Os Guarani do litoral brasileiro serão hoje os primos pobres dos Guarani de muitos séculos atrás? Donos de imensos territórios, abundância de alimentos e liberdade garantida para migrarem pelo território brasileiro. Atualmente, encontramos em diferentes localidades do sul e sudeste brasileiro grupos Guarani no centro urbano que saem de suas pequenas aldeias, precárias do ponto de vista social em que o artesanato, pouco valorizado pela sociedade não-índia e a roça numa extensão restrita, acabam direcionando-os para o centro da cidade em busca de alimento.
Na verdade, trata-se da luta pela sobrevivência desses indígenas que embora mantendo na memória sua cultura, aceitam serem ignorados quanto a sua dignidade e, sobretudo, sua importância étnica. A sociedade envolvente, embora manifeste muitas vezes sentimento de piedade pouco participa da trajetória complicada que vivem muitos grupos Guarani. A discussão política sobre eles quase sempre termina na idéia equivocada de que há muita terra para poucos índios ou ainda que esses grupos deveriam imitar os brancos na construção capitalista de suas vidas.
Os poucos modelos de aldeia Guarani mostram ao contrário, o valor da religiosidade do grupo com a presença ativa do xamã ou rezador, e priorizam as regras internas onde os laços sociais garantem a saúde de toda aldeia. Portanto, o comportamento urbano, a mendicância, em nada abalam a consciência histórica cultural de que são índios Guarani. É improvável que recorreriam às calçadas dos grandes centros se houvesse abundância de terra fértil em suas aldeias.
O que significa afinal mulheres e crianças Guarani saírem de suas aldeias, retiradas do meio urbano, para oferecerem artesanatos em troca de algumas moedas na confusão da cidade? As moedas que ganham compram alguns lanches para passarem o dia. Mal alimentados retornam ao grupo sem grandes perspectivas econômicas. O convívio com a sociedade envolvente, sem dúvida, é uma estratégia política dos Guarani, no entanto, infelizmente, encontra pouco eco no que diz respeito a projetos que os assegurem em sua vida social.

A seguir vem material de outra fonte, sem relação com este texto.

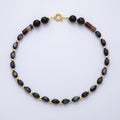 18K Gold Filled 12mm Black Onyx Nero Marquina Pebble Round Bead 18.5 Inch Necklace w. Sailor Clasps | WA-04135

No Brasil, os programas políticos pouco visualizam as comunidades indígenas, principalmente as aldeadas em pequenos grupos, próximas à sociedade envolvente, como é o caso dos Guarani. Aliás, o governo atual é o que menos demarcou áreas indígenas e concretizou ações aos índios brasileiros. A mendicância é o extremo da pobreza e assistir essa situação em relação aos indígenas parece mais estarrecedor.
Meliá, Bartolomeu (1989) em uma de suas inspirações ao relatar sobre os Guarani escreveu que todo Guarani é um xamã, um profeta e um poeta. Estou certa de que ele jamais aceitaria descrevê-los como mendigos. Em hipótese alguma, em qualquer tempo, qualquer estudioso Guarani os descreveria de tal forma. No entanto, hoje, dependemos de projetos políticos e de um compromisso maior do que os discursos para não vê-los numa realidade miserável.
Quem sabe, um dia, possamos descobrir juntos a terra sem males (Clastres, Helène,1978 ) tão curiosamente buscada por esses grupos Guarani.